92. Mr. Ongoya contended that a person making a decision to prosecute has an obligation, within the meaning of Article 157, to be keen on the evidence. If he is reckless with the facts, the interest of the administration of justice within the meaning of Article 157(11) will be prejudiced. His submission was that the prosecution has an obligation to explain to the court whether, had it known that the petitioner had no connection to the three companies, accused 9, 10 and 11 which are said to have played some role in the Kimwarer and Arror dams scandal, they would still have included him in the charge sheet.

93. Mr.

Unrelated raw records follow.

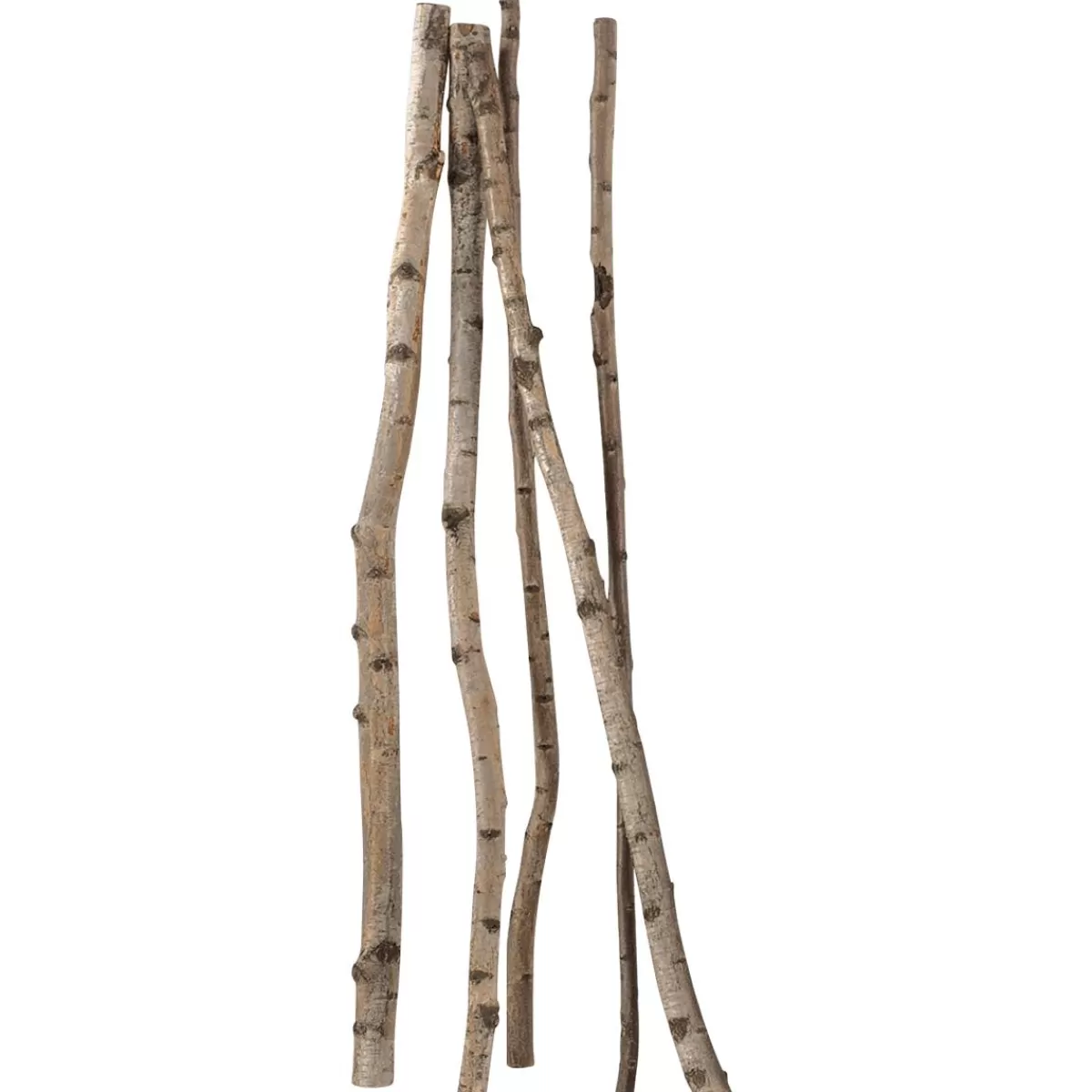 DecoWoerner Decorative Birch Trunks 170 Cm, 5 Pcs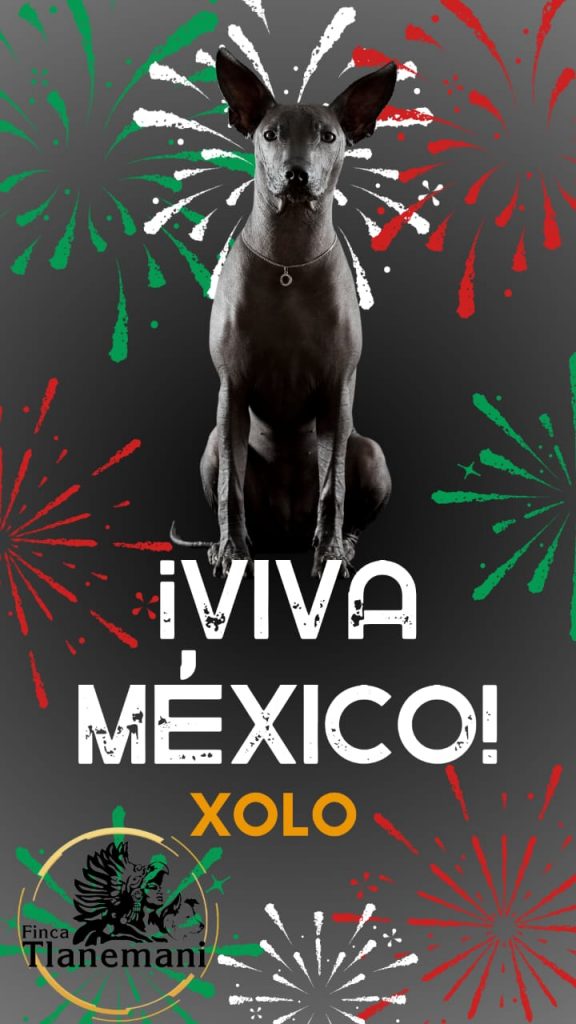 Finca-Tlanemani-Viva-Mexico-Xolo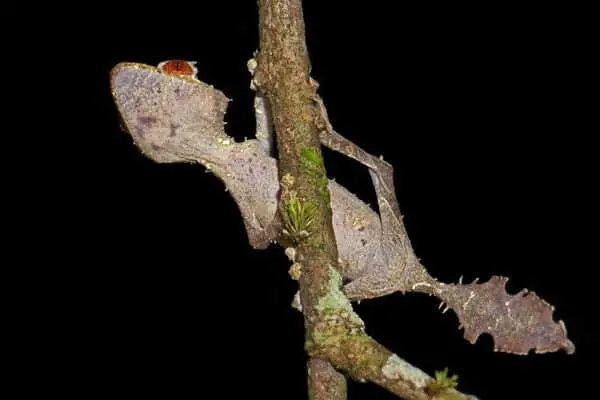 Satanic leaf-tailed gecko on a tree branch
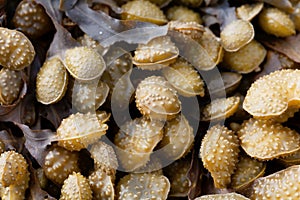 Reproduction bodies of a spiral wrack, Fucus spiralis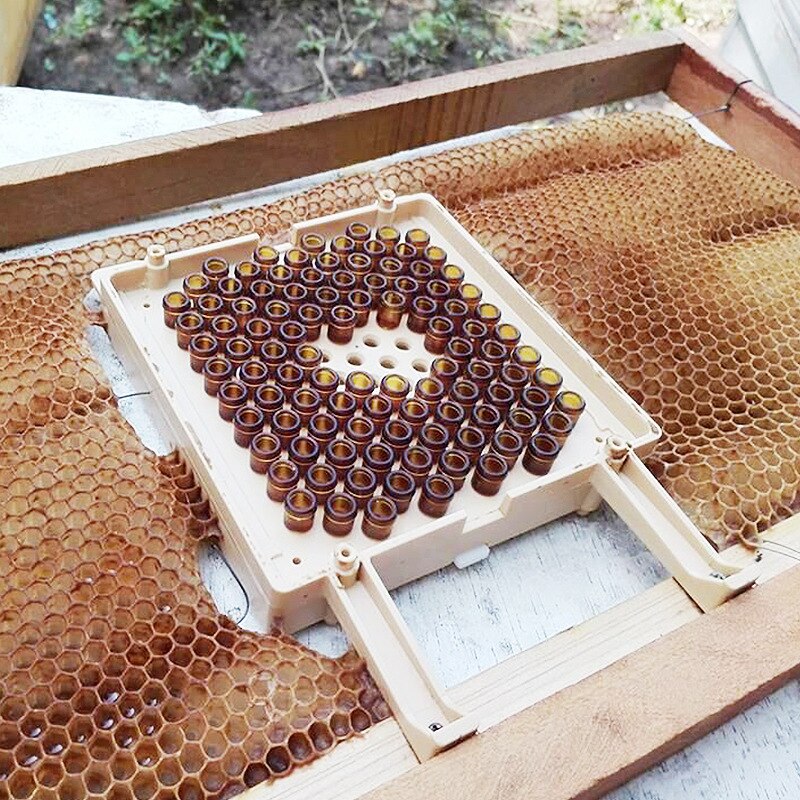 Jenter – Kit d'élevage de reine, système d'élevage de fausses abeilles, Cage mobile, outil pour apiculteur, fournitures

Ongoya referred the court to the information before the court relating to the scope of the petitioner’s involvement in the incorporation of CMC Di Ravenna- Kenya Branch in 2014.  This material consisted of email correspondence between CMC Di Ravenna South Africa Branch and KPMG, and email correspondence between KPMG and the petitioner, as well as the statement of Lydia Njeri Ndiramgu of KPMG. His submission was that this material shows the role of KPMG and the petitioner; that it is KPMG which gave instructions to the petitioner, and that he had no contact with CMC Di Ravenna Italy.

94. According to Mr. Ongoya, there was prosecutorial impropriety in the decision to charge the petitioner.  He observed that the investigation sought to establish the role of the petitioner in CMC Di Ravenna-Kenya Branch. While the DPP had annexed a list of the directors and secretaries of the company in annexure TTO3, he had left out the second page which shows the list of directors, conduct which the petitioner termed prosecutorial impropriety. Mr. Ongoya further noted that while the DPP had annexed the bank account opening forms in respect of the company, he had not annexed the forms that show who the officials who signed the forms are, and where a party hides material, that is also impropriety.

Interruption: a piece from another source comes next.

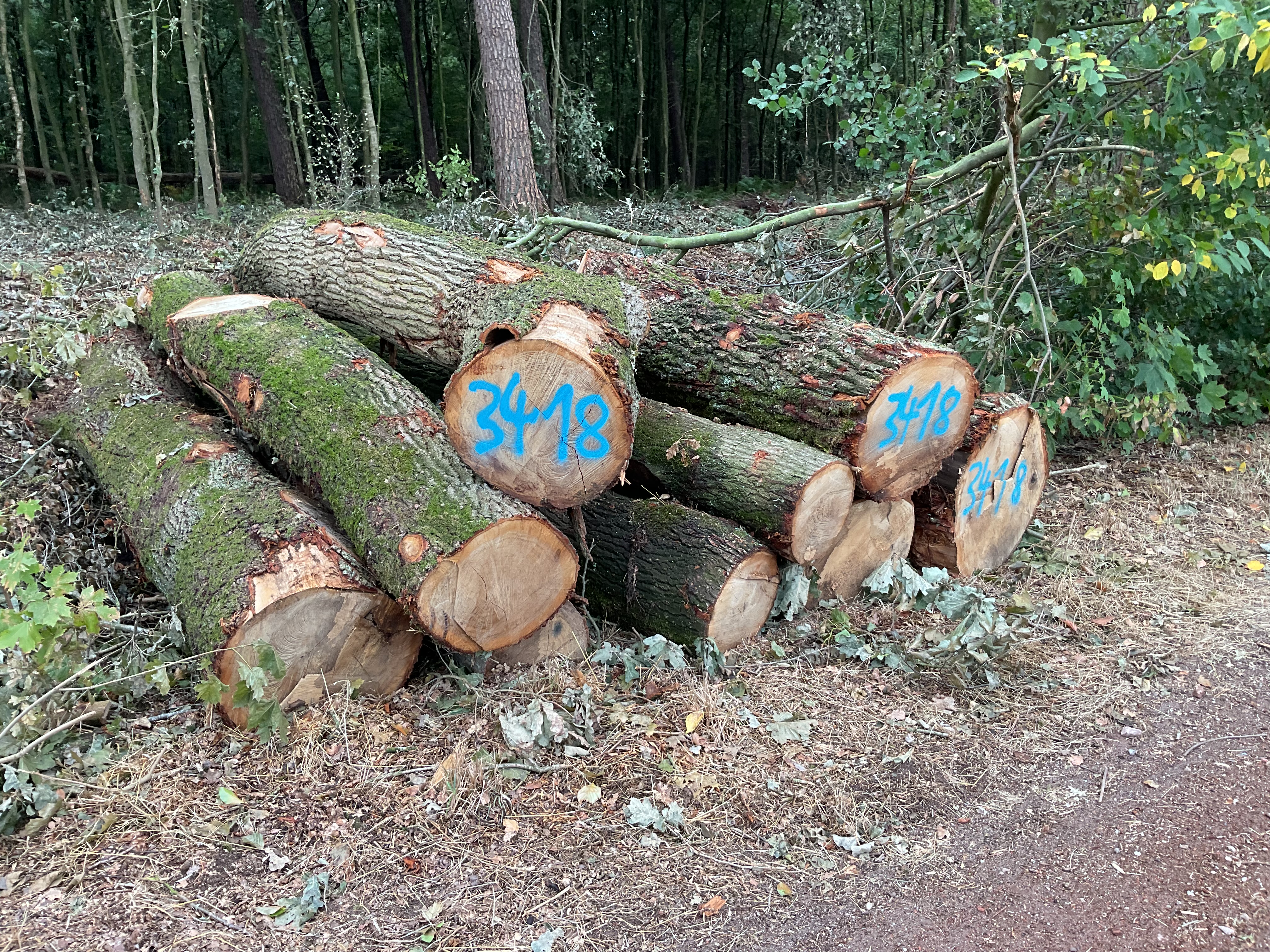 Eiche, Polter-Nr. 3418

95. Mr. Ongoya further referred to the letter from the DCI to the Registrar of Companies seeking information about the directors of some companies. He observed that the response from the Registrar dated 13th February 2019 includes a list of people, the last of whom is the petitioner, who is indicated as ‘authorised person’.  Counsel referred to section 366 (i)(d) of the repealed Companies Act to submit that the petitioner was, effectively, like the dropping zone for correspondence. It was his submission further that all the other people in the letter have the description ‘Director’, while the second column against the petitioner’s name is blank.

96. Mr. Ongoya submitted that the letter dated 13th February 2019 was written by the Registrar of Companies just before the petitioner recorded his statement with the investigator on 14th February 2019. According to Mr. Ongoya, after the petitioner recorded his statement, a new document emerged, dated 25th March 2019, in which the petitioner is now described as a Director.  Mr. Ongoya submitted that while the fight against corruption must be supported, people who have respect for Article 157(11) of the Constitution should not behave in a manner that conceals material from the court.

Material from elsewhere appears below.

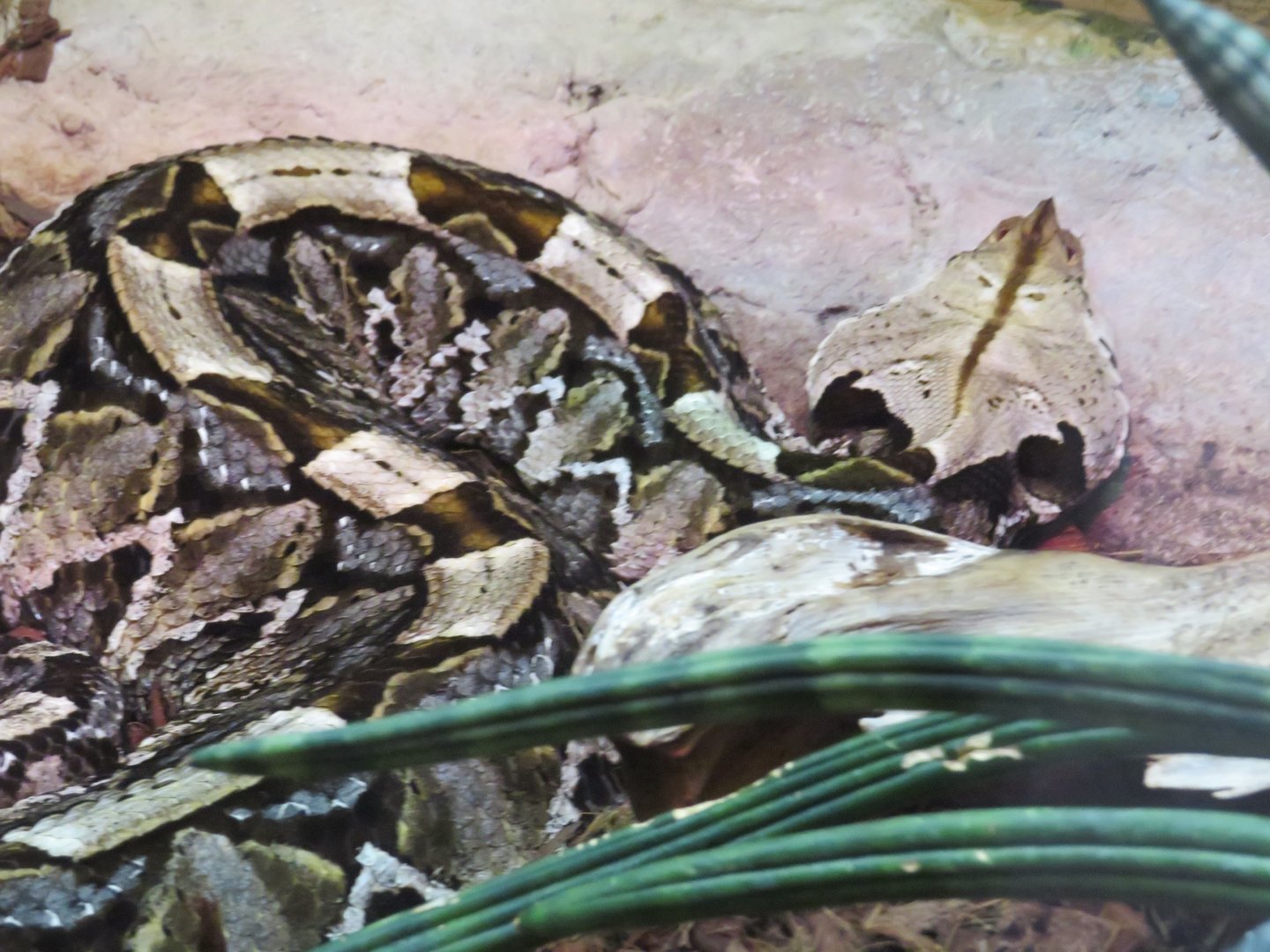 Gaboon viper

97. Mr. Ongoya noted that the DPP had not addressed the question he had posed regarding the factual basis for the prosecution. While conceding that the petitioner had participated in the incorporation of CMC di Ravenna Kenya Branch, his question was what else, beyond the act of stamping documents, prima facie, links him to the criminal acts. Mr. Ongoya submitted that the petitioner was not just asking the court to consider this question: the DPP has previously restrained himself from prosecuting persons he termed sleeping directors, as evidenced in the DPP’s press release exhibited in the petitioner’s documents.  He urged the court to allow the petition.

Submissions by the DPP

98. Mr. Taib and Mr. Muteti presented the case of the DPP and highlighted the submissions dated 27th February 2020 and a list of authorities filed on 28th February 2020.

99.  In the written submissions, the DPP argues that he exercises state powers of prosecution vested in his office under Article 157 of the Constitution. He therefore has power to institute proceedings against the petitioner.  He also submits that his office has published the National Prosecution Policy that provides guidelines on the test to be applied before a decision to prosecute is taken. Key among the considerations is whether the evidence placed before the DPP discloses a prosecutable case and whether it is in the public interest to commence a prosecution.

100. Where acts of a criminal nature are brought to his knowledge, he has the responsibility to ensure that the allegations are thoroughly investigated and appropriate action taken.  He is not, in doing so, subject to the direction and control of any person, body or authority, including the petitioner, whom the DPP submits has lobbied and agitated for the dropping of any charges preferred against him.  The DPP states that upon receipt and analysis of information from DCI, he directed the DCI to commence and or expand investigations against the petitioner, a directive that was based on an objective assessment of the material and was not actuated by malice, ill will or spite.

101. The DPP submits further that being an independent institution established under the Constitution, his office can only be interfered with or his actions interrogated by the court where there is a manifest contravention of the Constitution or a breach of fundamental rights.  Since there are no such manifestations in this case, the court should not usurp his constitutional mandate, substitute its own assessment of evidence, or decide what charges are to be preferred and against whom.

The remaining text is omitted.